Musically the book does not set out to be exciting. But there arc good things. It is good to see Stanford’s ENGELBERG in use, and to have other opportunities to try to get MAGDA and Lawes’s PSALM 47 sung to words not already wedded to a popular tune.

Of course, one has questions and doubts. Where is the Rimaud / Langlais hymn ‘Dieu. nous avons vu ta gloire’, which has been well translated? Is this suffering from copyright problems? Could we not have seen John Hughes’s DINAS BETHLEHEM tried for ‘O sing a song of Bethlehem’ instead of a repetition of KINGSFOLD?

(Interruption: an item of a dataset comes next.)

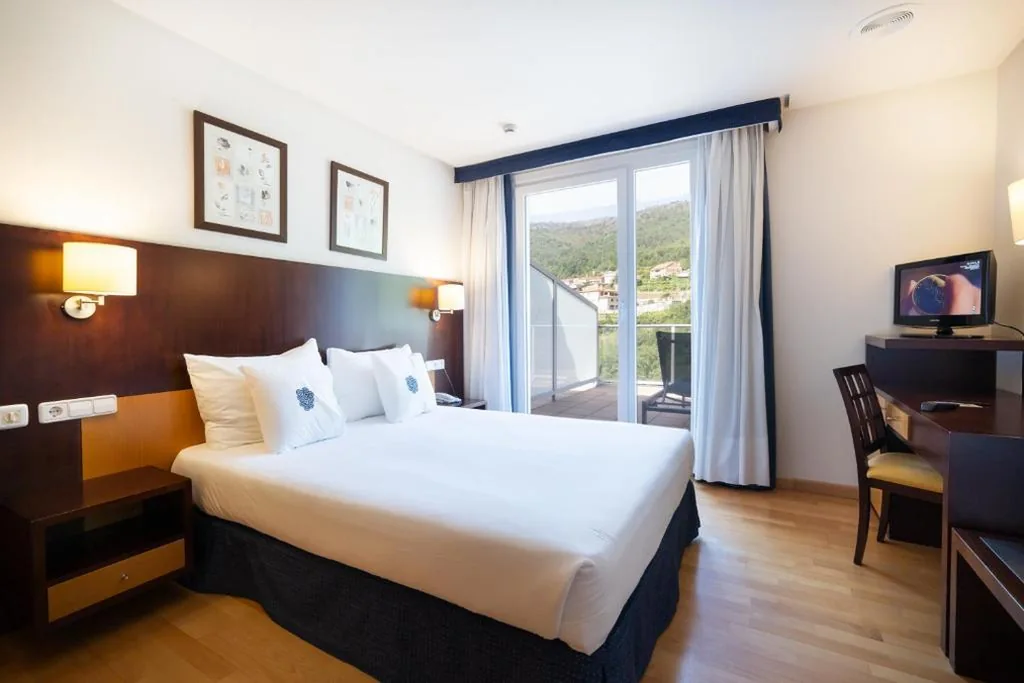 Habitación Familiar con terraza y acceso al spa — Lobios Caldaria Hotel Balneario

But these are small complaints about a book that is intended for that deprived class in our churches— the regular Sunday Congregation. I hope that they have not been deprived for so long that they are unable to take the help now offered. The four Sydney Carter pieces point to a world of possibilities beyond which one devoutly prays they will not ignore. But for the moment there are a very large number of users of A & M, Standard and Revised, who should be delighted to use this sound little supplement.